== Task objective ==
No pictures belong in the copy. Set down exactly the lines from the one that contains "巨乳美眉 舒服吗 轻一点" through the end of the data.

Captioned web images
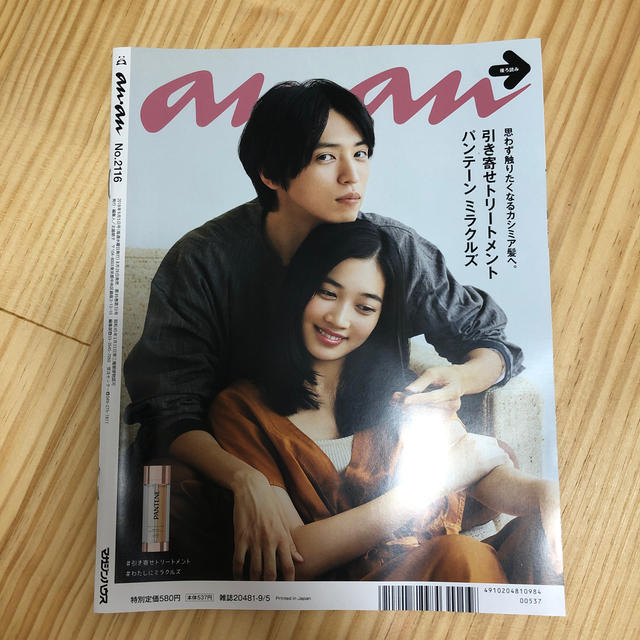 AAA(トリプルエー)のAAA anan (アンアン) 2018年 9/5号 エンタメ/ホビーの雑誌(その他)の商品写真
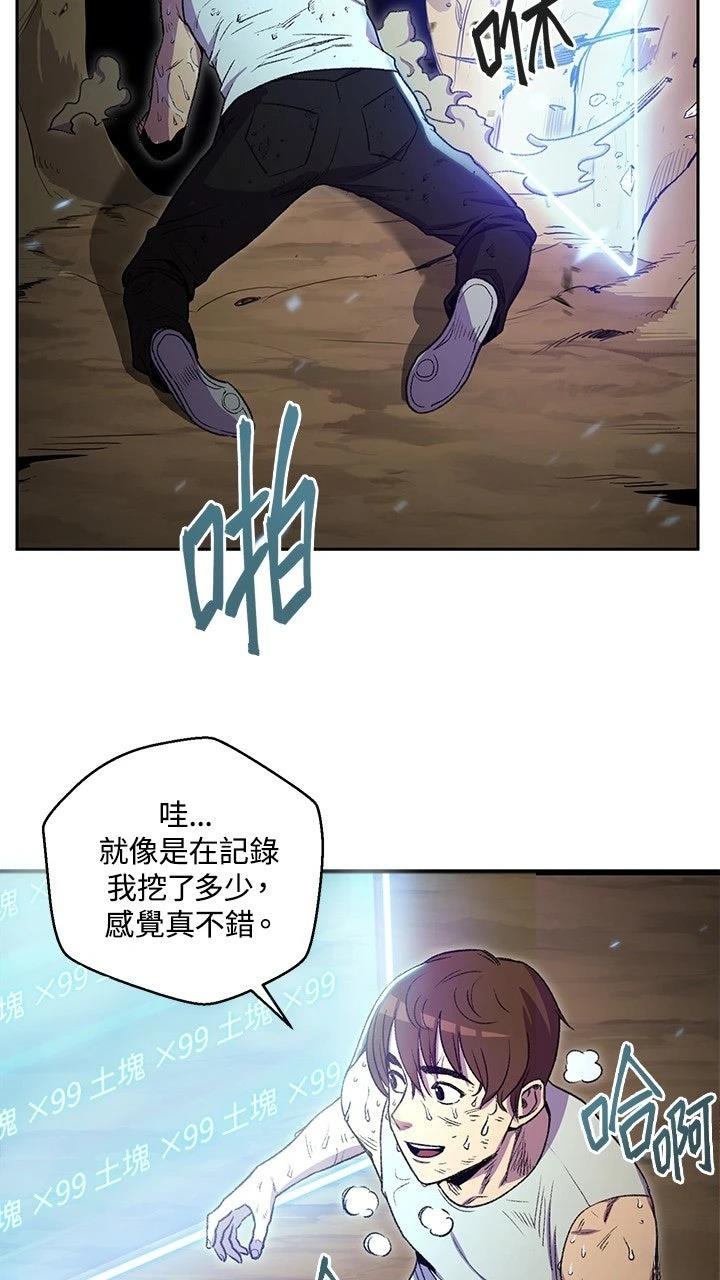 第3话19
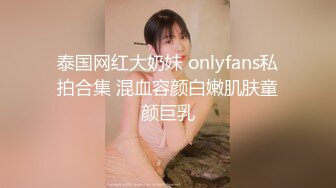 巨乳美眉 舒服吗 轻一点 叫爸爸就轻一点 我不会 啊啊不要了 良家妹子操逼不多不会上位 被大鸡吧肌肉小哥操的一直说不要了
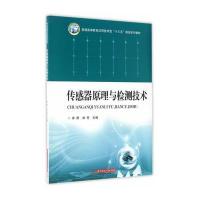 传感器原理与检测技术(普通高等教育应用技术型十三五规划系列教材)编者:余愿//刘芳9787568024969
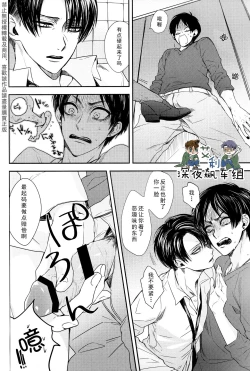 Page 12 of Restroom no Kowai Hito | 洗手間里可怕的人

== Written solution ==
 巨乳美眉 舒服吗 轻一点 叫爸爸就轻一点 我不会 啊啊不要了 良家妹子操逼不多不会上位 被大鸡吧肌肉小哥操的一直说不要了
 传感器原理与检测技术(普通高等教育应用技术型十三五规划系列教材)编者:余愿//刘芳9787568024969
 Page 12 of Restroom no Kowai Hito | 洗手間里可怕的人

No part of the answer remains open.